The festival of the arts is a so-called “Cultural Olympics” that beginning 2010 is taking place annually in Sochi. Alex Molchanovsky

Over the four years immediately preceding the 2014 Winter Olympic Games, the Culture Ministry has taken it upon itself to provide the host city of Sochi with a so-called "Cultural Olympics." This year, as in both 2010 and 2011, a major event on the latter Olympics' schedule has been the International Winter Festival of the Arts, under the artistic direction of violist and conductor Yury Bashmet. Dropping in on the festival for the second year running, I had a chance to see and hear most of what it had to offer during its first four days.

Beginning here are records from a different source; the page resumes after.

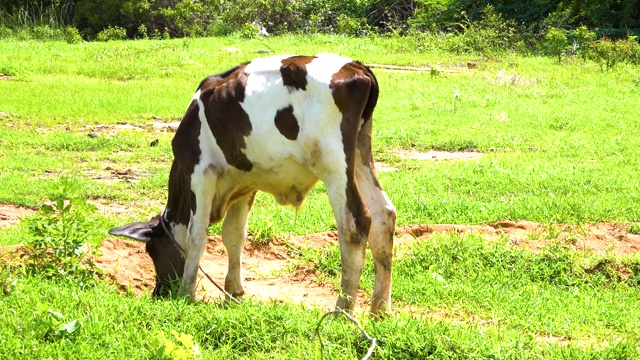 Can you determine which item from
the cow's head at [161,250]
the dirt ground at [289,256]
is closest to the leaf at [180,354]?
the cow's head at [161,250]

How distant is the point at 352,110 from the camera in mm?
5902

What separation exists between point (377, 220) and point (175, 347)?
1.88 metres

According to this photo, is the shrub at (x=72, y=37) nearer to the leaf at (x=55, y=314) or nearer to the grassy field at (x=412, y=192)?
the grassy field at (x=412, y=192)

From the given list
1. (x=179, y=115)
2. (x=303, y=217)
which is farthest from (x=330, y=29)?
(x=303, y=217)

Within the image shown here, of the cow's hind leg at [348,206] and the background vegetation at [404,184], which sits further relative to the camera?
the cow's hind leg at [348,206]

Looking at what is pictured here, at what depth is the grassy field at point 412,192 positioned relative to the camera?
5094 mm

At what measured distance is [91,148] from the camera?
1209 centimetres

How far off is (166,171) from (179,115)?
3341mm

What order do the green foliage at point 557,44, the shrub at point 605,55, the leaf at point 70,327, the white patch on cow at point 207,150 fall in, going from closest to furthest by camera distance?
the leaf at point 70,327 < the white patch on cow at point 207,150 < the shrub at point 605,55 < the green foliage at point 557,44

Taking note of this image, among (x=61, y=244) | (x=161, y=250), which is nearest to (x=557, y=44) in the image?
(x=161, y=250)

While the festival was principally focused on concerts of classical music, most of them featuring Bashmet either as violist or as conductor of Novaya Rossia State Symphony Orchestra and the Soloists of Moscow chamber orchestra, it also included an evening of ballet, appearances by Emir Kusturica and his No Smoking Orchestra and French jazz violinist Jean-Luc Ponty, a reading by poet Vera Polozkova of her own works, a performance by Moscow's Vakhtangov Theater, a retrospective of films by Finnish director Aki Kaurismaki and exhibitions of video art, jewelry and cinema posters.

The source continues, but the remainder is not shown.